▸ **ASSIGNMENT**
What is needed is an exact copy of all the records below.

▸ **SOURCE DATA**
+--
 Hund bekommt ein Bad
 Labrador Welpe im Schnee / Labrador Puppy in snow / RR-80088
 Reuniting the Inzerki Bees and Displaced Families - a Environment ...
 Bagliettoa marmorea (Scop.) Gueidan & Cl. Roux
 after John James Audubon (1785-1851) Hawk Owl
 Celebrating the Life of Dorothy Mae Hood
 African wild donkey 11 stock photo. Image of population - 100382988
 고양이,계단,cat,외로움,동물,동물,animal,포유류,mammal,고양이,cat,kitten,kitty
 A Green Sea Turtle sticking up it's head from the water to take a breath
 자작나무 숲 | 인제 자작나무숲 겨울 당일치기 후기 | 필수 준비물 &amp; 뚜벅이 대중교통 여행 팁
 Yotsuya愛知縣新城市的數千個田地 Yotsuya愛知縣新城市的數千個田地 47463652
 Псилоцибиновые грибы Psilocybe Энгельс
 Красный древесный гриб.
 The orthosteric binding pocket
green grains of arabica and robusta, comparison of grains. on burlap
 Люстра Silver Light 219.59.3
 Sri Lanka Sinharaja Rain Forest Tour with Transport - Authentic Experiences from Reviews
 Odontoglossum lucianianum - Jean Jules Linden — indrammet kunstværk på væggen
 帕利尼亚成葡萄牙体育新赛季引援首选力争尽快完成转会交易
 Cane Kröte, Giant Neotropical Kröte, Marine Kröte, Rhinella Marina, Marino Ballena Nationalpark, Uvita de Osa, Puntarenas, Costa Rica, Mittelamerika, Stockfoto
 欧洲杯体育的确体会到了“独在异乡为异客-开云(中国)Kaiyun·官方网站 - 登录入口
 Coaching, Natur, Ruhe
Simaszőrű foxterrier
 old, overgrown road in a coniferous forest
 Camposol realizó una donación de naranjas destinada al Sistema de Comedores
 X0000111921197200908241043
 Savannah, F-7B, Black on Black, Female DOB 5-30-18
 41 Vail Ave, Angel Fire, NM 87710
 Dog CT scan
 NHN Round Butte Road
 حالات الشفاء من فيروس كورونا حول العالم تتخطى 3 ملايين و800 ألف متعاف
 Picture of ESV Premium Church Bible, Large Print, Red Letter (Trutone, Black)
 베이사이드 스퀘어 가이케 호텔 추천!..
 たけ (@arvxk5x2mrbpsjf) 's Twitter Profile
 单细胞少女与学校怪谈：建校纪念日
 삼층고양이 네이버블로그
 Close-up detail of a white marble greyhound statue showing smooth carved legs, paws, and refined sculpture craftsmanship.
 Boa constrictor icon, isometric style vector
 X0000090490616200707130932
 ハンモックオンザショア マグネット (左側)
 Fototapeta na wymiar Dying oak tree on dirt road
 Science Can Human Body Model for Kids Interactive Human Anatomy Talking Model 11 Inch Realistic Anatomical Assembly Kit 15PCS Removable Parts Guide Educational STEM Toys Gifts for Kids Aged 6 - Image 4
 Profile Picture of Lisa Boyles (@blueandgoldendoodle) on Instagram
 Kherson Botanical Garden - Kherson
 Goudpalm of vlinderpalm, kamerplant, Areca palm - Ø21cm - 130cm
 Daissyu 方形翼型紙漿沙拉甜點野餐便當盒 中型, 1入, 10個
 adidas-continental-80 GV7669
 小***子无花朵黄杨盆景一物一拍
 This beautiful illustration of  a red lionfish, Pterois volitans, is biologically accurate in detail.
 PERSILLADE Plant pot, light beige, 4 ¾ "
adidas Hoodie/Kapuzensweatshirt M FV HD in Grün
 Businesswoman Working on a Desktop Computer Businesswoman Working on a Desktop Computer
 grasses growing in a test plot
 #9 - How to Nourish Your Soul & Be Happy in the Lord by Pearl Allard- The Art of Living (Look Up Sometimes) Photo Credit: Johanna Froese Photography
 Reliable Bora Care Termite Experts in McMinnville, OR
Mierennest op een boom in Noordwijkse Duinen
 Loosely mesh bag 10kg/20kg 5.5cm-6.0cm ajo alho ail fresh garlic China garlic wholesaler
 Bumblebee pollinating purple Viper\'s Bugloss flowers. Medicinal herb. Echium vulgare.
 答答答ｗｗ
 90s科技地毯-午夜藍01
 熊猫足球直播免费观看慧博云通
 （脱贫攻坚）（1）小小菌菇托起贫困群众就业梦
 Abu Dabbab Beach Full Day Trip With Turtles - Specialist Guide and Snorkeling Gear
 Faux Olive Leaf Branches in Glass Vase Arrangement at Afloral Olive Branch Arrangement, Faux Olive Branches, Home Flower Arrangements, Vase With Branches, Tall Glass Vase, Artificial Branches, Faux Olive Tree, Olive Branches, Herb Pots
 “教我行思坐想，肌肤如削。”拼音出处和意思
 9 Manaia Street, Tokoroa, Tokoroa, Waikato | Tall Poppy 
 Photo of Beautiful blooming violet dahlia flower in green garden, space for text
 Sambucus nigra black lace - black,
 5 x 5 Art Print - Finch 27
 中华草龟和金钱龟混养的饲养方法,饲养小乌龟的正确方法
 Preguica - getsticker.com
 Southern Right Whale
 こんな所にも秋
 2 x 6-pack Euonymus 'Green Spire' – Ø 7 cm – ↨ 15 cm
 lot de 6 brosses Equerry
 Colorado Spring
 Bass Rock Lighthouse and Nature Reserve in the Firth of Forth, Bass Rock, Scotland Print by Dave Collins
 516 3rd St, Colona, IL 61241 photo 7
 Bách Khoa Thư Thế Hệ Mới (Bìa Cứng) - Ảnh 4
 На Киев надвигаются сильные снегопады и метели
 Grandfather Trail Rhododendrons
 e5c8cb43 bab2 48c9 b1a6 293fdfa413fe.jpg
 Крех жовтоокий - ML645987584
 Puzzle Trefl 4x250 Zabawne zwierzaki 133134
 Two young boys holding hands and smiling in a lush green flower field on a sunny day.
+--
▸ **SOLUTION TO THIS TASK**
 Hund bekommt ein Bad
 Labrador Welpe im Schnee / Labrador Puppy in snow / RR-80088
 Reuniting the Inzerki Bees and Displaced Families - a Environment ...
 Bagliettoa marmorea (Scop.) Gueidan & Cl. Roux
 after John James Audubon (1785-1851) Hawk Owl
 Celebrating the Life of Dorothy Mae Hood
 African wild donkey 11 stock photo. Image of population - 100382988
 고양이,계단,cat,외로움,동물,동물,animal,포유류,mammal,고양이,cat,kitten,kitty
 A Green Sea Turtle sticking up it's head from the water to take a breath
 자작나무 숲 | 인제 자작나무숲 겨울 당일치기 후기 | 필수 준비물 &amp; 뚜벅이 대중교통 여행 팁
 Yotsuya愛知縣新城市的數千個田地 Yotsuya愛知縣新城市的數千個田地 47463652
 Псилоцибиновые грибы Psilocybe Энгельс
 Красный древесный гриб.
 The orthosteric binding pocket
green grains of arabica and robusta, comparison of grains. on burlap
 Люстра Silver Light 219.59.3
 Sri Lanka Sinharaja Rain Forest Tour with Transport - Authentic Experiences from Reviews
 Odontoglossum lucianianum - Jean Jules Linden — indrammet kunstværk på væggen
 帕利尼亚成葡萄牙体育新赛季引援首选力争尽快完成转会交易
 Cane Kröte, Giant Neotropical Kröte, Marine Kröte, Rhinella Marina, Marino Ballena Nationalpark, Uvita de Osa, Puntarenas, Costa Rica, Mittelamerika, Stockfoto
 欧洲杯体育的确体会到了“独在异乡为异客-开云(中国)Kaiyun·官方网站 - 登录入口
 Coaching, Natur, Ruhe
Simaszőrű foxterrier
 old, overgrown road in a coniferous forest
 Camposol realizó una donación de naranjas destinada al Sistema de Comedores
 X0000111921197200908241043
 Savannah, F-7B, Black on Black, Female DOB 5-30-18
 41 Vail Ave, Angel Fire, NM 87710
 Dog CT scan
 NHN Round Butte Road
 حالات الشفاء من فيروس كورونا حول العالم تتخطى 3 ملايين و800 ألف متعاف
 Picture of ESV Premium Church Bible, Large Print, Red Letter (Trutone, Black)
 베이사이드 스퀘어 가이케 호텔 추천!..
 たけ (@arvxk5x2mrbpsjf) 's Twitter Profile
 单细胞少女与学校怪谈：建校纪念日
 삼층고양이 네이버블로그
 Close-up detail of a white marble greyhound statue showing smooth carved legs, paws, and refined sculpture craftsmanship.
 Boa constrictor icon, isometric style vector
 X0000090490616200707130932
 ハンモックオンザショア マグネット (左側)
 Fototapeta na wymiar Dying oak tree on dirt road
 Science Can Human Body Model for Kids Interactive Human Anatomy Talking Model 11 Inch Realistic Anatomical Assembly Kit 15PCS Removable Parts Guide Educational STEM Toys Gifts for Kids Aged 6 - Image 4
 Profile Picture of Lisa Boyles (@blueandgoldendoodle) on Instagram
 Kherson Botanical Garden - Kherson
 Goudpalm of vlinderpalm, kamerplant, Areca palm - Ø21cm - 130cm
 Daissyu 方形翼型紙漿沙拉甜點野餐便當盒 中型, 1入, 10個
 adidas-continental-80 GV7669
 小***子无花朵黄杨盆景一物一拍
 This beautiful illustration of  a red lionfish, Pterois volitans, is biologically accurate in detail.
 PERSILLADE Plant pot, light beige, 4 ¾ "
adidas Hoodie/Kapuzensweatshirt M FV HD in Grün
 Businesswoman Working on a Desktop Computer Businesswoman Working on a Desktop Computer
 grasses growing in a test plot
 #9 - How to Nourish Your Soul & Be Happy in the Lord by Pearl Allard- The Art of Living (Look Up Sometimes) Photo Credit: Johanna Froese Photography
 Reliable Bora Care Termite Experts in McMinnville, OR
Mierennest op een boom in Noordwijkse Duinen
 Loosely mesh bag 10kg/20kg 5.5cm-6.0cm ajo alho ail fresh garlic China garlic wholesaler
 Bumblebee pollinating purple Viper\'s Bugloss flowers. Medicinal herb. Echium vulgare.
 答答答ｗｗ
 90s科技地毯-午夜藍01
 熊猫足球直播免费观看慧博云通
 （脱贫攻坚）（1）小小菌菇托起贫困群众就业梦
 Abu Dabbab Beach Full Day Trip With Turtles - Specialist Guide and Snorkeling Gear
 Faux Olive Leaf Branches in Glass Vase Arrangement at Afloral Olive Branch Arrangement, Faux Olive Branches, Home Flower Arrangements, Vase With Branches, Tall Glass Vase, Artificial Branches, Faux Olive Tree, Olive Branches, Herb Pots
 “教我行思坐想，肌肤如削。”拼音出处和意思
 9 Manaia Street, Tokoroa, Tokoroa, Waikato | Tall Poppy 
 Photo of Beautiful blooming violet dahlia flower in green garden, space for text
 Sambucus nigra black lace - black,
 5 x 5 Art Print - Finch 27
 中华草龟和金钱龟混养的饲养方法,饲养小乌龟的正确方法
 Preguica - getsticker.com
 Southern Right Whale
 こんな所にも秋
 2 x 6-pack Euonymus 'Green Spire' – Ø 7 cm – ↨ 15 cm
 lot de 6 brosses Equerry
 Colorado Spring
 Bass Rock Lighthouse and Nature Reserve in the Firth of Forth, Bass Rock, Scotland Print by Dave Collins
 516 3rd St, Colona, IL 61241 photo 7
 Bách Khoa Thư Thế Hệ Mới (Bìa Cứng) - Ảnh 4
 На Киев надвигаются сильные снегопады и метели
 Grandfather Trail Rhododendrons
 e5c8cb43 bab2 48c9 b1a6 293fdfa413fe.jpg
 Крех жовтоокий - ML645987584
 Puzzle Trefl 4x250 Zabawne zwierzaki 133134
 Two young boys holding hands and smiling in a lush green flower field on a sunny day.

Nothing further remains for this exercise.